Barrierefreiheit

Sehbehinderte kritisieren AMG-Novelle Isaac Bah, 20.01.2012 09:28 Uhr

Berlin - 

Mit der AMG-Novelle sollen Arzneimittel besser gekennzeichnet werden – gegen Fälschungen und für mehr Sicherheit. Die geplanten Änderungen nutzen aber offenbar nicht allen Bürgern: Der Deutsche Verband der Blinden- und Sehbehinderten (DBSV) befürchtet, dass die Belange seiner Mitglieder auf der Strecke bleiben. Zu viele der Maßnahmen vernachlässigten die speziellen Bedürfnisse der rund 650.000 Sehbehinderten in Deutschland.

 

Ein Beispiel für die gut gemeinten, aber im Sinne des DBSV schlecht umgesetzten Sicherheitskennzeichen ist das schwarze Symbol: Nach dem Vorbild der sogenannten Boxed Warnings aus den USA , soll das zusätzliche Signet künftig auf Arzneimittel hinweisen, die einer speziellen Überwachung unterliegen.

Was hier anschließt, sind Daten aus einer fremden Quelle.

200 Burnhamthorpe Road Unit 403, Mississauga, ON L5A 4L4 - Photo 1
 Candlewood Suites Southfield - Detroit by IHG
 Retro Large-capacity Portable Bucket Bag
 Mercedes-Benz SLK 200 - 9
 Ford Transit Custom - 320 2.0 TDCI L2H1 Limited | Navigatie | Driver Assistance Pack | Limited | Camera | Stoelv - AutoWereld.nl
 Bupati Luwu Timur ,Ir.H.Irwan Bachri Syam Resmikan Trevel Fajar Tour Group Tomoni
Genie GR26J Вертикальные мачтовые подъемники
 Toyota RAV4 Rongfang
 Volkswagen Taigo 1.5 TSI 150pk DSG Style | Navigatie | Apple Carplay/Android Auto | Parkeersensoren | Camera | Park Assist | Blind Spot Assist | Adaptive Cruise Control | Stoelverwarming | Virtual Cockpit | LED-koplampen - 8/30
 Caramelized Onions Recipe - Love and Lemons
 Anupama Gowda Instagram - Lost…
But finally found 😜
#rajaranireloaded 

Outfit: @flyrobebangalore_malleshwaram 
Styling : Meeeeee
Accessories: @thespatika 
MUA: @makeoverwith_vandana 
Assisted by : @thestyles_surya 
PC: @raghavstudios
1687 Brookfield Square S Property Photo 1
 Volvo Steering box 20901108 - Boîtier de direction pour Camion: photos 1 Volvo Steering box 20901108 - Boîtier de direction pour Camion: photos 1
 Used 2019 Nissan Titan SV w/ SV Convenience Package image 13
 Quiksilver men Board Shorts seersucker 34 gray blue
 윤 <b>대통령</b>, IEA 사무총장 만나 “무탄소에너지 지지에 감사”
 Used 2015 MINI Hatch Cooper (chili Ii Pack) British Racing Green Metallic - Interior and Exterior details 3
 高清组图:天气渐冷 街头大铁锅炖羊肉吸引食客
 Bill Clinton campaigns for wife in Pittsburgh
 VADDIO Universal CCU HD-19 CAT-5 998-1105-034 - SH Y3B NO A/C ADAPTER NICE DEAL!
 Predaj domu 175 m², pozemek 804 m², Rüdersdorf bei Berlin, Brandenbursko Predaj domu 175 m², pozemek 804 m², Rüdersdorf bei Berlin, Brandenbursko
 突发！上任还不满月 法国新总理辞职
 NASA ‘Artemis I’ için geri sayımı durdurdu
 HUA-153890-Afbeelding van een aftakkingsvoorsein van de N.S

Der DBSV fragt sich, inwiefern dieses Symbol auch in Formate übertragen wird, die für Blinde und Sehbehinderte verständlich sind.

Die Skepsis speist sich aus den bisherigen Erfahrungen: Eigentlich sollten Sehbehinderte bereits seit 2010 im Internet alle Gebrauchsinformationen in verschiedenen für sie zugänglichen Formaten beziehen können. Doch an dieser Stelle herrscht nach Ansicht des DBSV noch Nachbesserungsbedarf: Die Kooperation mit den Pharmaunternehmen verläuft demnach schleppend.

 

 

Schuld daran sind laut DBSV häufig falsche Dateiformate auf Seiten der Hersteller, die einer automatischen Konvertierung in barrierefreie Dokumente im Weg stehen. Der Verband fordert nun eine verbindliche Frist bis Ende 2013. Ab diesem Zeitpunkt sollen die Firmen ihre Gebrauchsinformationen in allen geforderten Formaten vorgelegt haben.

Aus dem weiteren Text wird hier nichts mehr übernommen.